2. You do have to be well-educated to be an excellent piano teacher.
Now, for the long answer:
Degree programs may be helpful for those who want a systematic approach designed by someone else to prepare you for a given field according to the criteria of those designing the program. However, there are many, many other ways to become well-educated. In fact, the more you are willing to take responsibility for your own education, the more lasting value you will gain from your efforts and studies. And asking the question above is a great first step! Here are my top 5 suggestions pulled from a previous post on preparing to be a piano teacher:
1. Continue studying with a private teacher who is also willing to mentor you as a teacher. This has been and continues to be an invaluable part of my education! There’s just nothing that beats continued improvement in your skill as a pianist and working through your own difficulties to equip you to help your students do the same. And my teacher (and author of the book, Thinking As You Play) has done worlds for me in working with me through intermediate-level repertoire and learning to think conceptually.
2. Start reading and do lots of it! There are numerous piano pedagogy books, blogs, websites, articles, magazines – way more than you’ll ever have time to get through! – that are a great way to build your understanding of issues related to teaching. In addition, I highly recommend reading business-related books that will get you thinking about your studio not just as it relates to teaching, but also as it relates to being a successful business. The book, The Savvy Musician, would be a perfect starting place for a book that combines the two worlds. To paraphrase a thought I read recently in another book, having a right knowledge about teaching doesn’t necessarily make you a good teacher, but it’s a whole lot easier to go from right knowledge to good teaching than from no knowledge to good teaching!

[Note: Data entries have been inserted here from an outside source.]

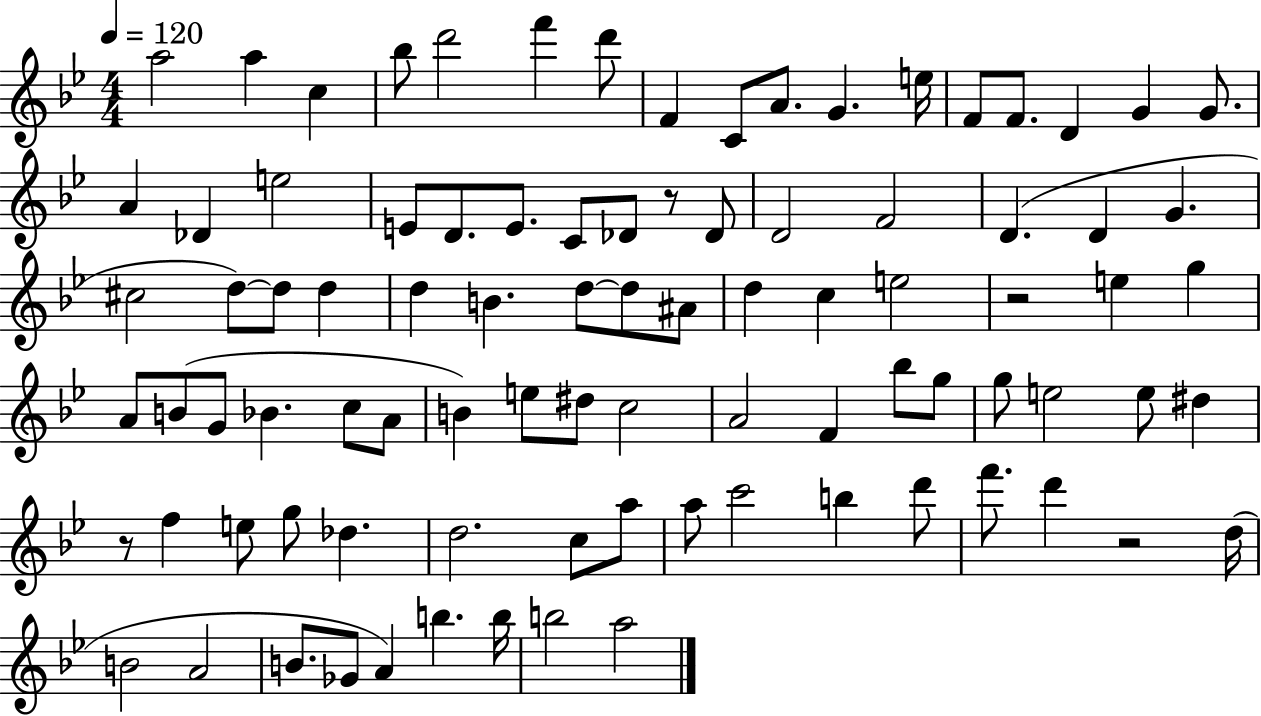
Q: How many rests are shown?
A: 4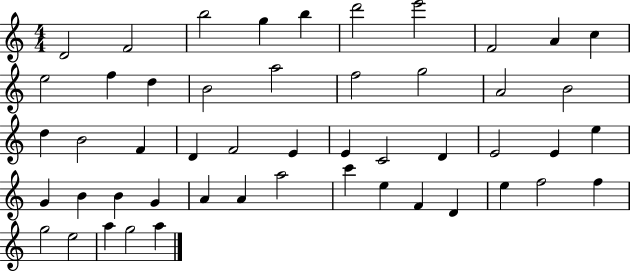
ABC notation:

X:1
T:Untitled
M:4/4
L:1/4
K:C
D2 F2 b2 g b d'2 e'2 F2 A c e2 f d B2 a2 f2 g2 A2 B2 d B2 F D F2 E E C2 D E2 E e G B B G A A a2 c' e F D e f2 f g2 e2 a g2 a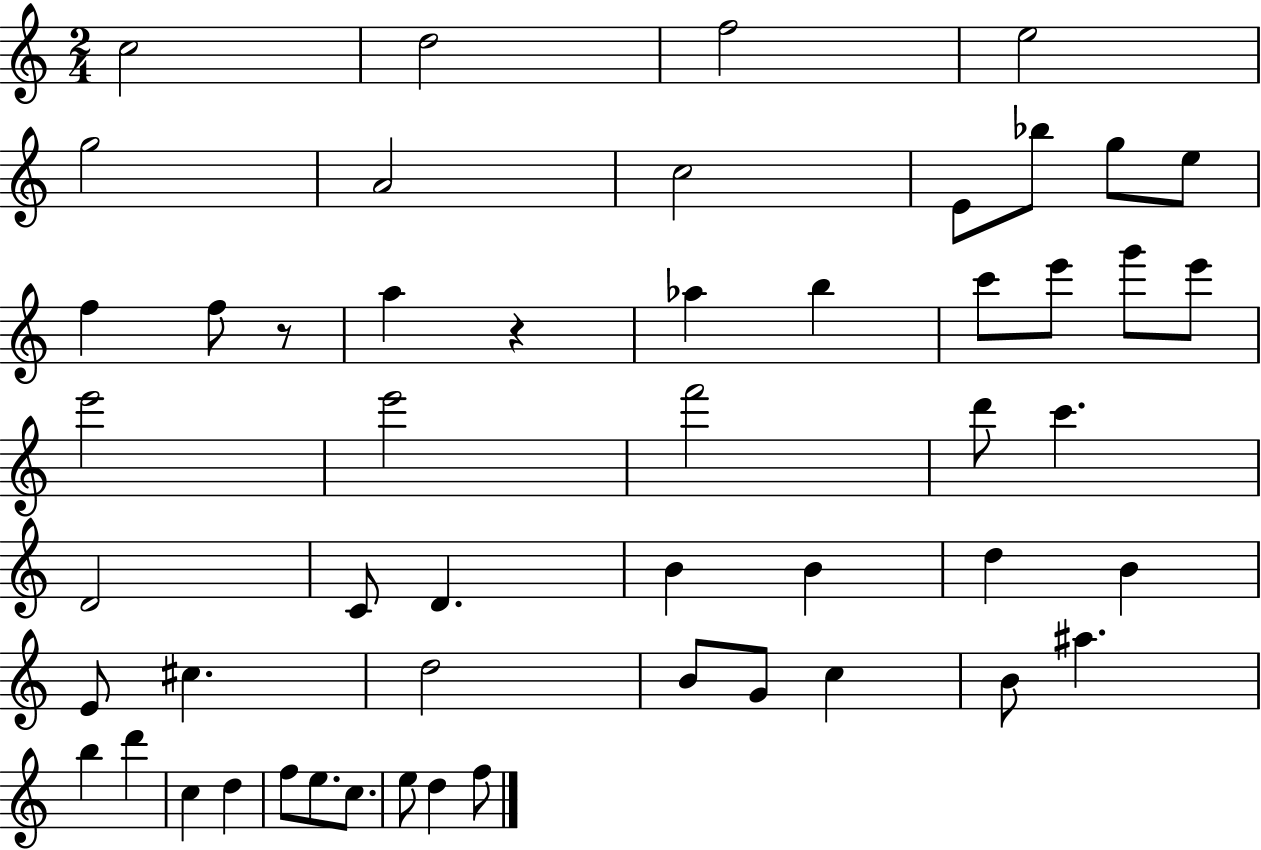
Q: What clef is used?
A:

3. Walk with the wise. As soon as you possibly can, find and join a local music teachers association and become actively involved in their events, workshops, and meetings. Get to know the other teachers – many of whom have years of experience. Ask them all your questions and take as much advice as you can get. Visit their studios and take notes while observing their lessons. Every time I observe another teacher, I take away valuable tips and ideas that I can immediately apply in my own teaching. And the camaraderie shared among fellow teachers is priceless. I know that I have over a dozen teachers that I could call in a heartbeat with a teaching issue and they would gladly offer whatever help and advice they could. For those who don’t have the luxury of living in an area with a teachers association, if there are other teachers in the area, consider starting an association or at least getting together informally. And if even that doesn’t work, connect with other teachers on-line through a forum or through blogging.
4. Start teaching. Take on a few students so that you can start implementing the ideas and things you’re learning. If possible, I recommend taking on a couple of transfer students rather than beginners. Teaching while you are studying and learning makes everything so much more relevant! Plus, if you opt to chart more of a customized course for your studies, you can use your teaching as a springboard for what to study. For example, if you have a student who is ready to branch out from just using method books, you might want to explore the earliest original classical repertoire and the various composers of it. You can learn more about the historical eras and share what you learn right away with your student, thus cementing the knowledge in your own mind. Or perhaps you will have a student struggling to play even eighth notes, so you will be compelled to explore new technical and rhythm development ideas. And so on.
5. Work toward and get your MTNA certification. This was one of the most helpful things I did to organize my own teaching philosophies and methods. Plus, it gave me the extra push to streamline my procedures and documentation so that I would have a smooth and professionally-run studio. As I comment in the article I linked to, I have no doubt in my mind that I am a better teacher today because of the things I did to earn my certification. Not to mention that it was highly practical so that the things I was working on were immediately applicable to my teaching and studio operations. It was well worth every minute and dollar I spent on it!
Now, as to the question of how much you should make…there are lots of factors involved. Your own education/investment in your field is one of them, but you also have to consider what your studio is going to offer, what your actual operating expenses are, what kind of clientele you want to attract, what the going rates are for other teachers in your area, what your other fee-related policies are, etc. All of those issues are beyond the scope of this post, but hopefully that will give you some good food for thought!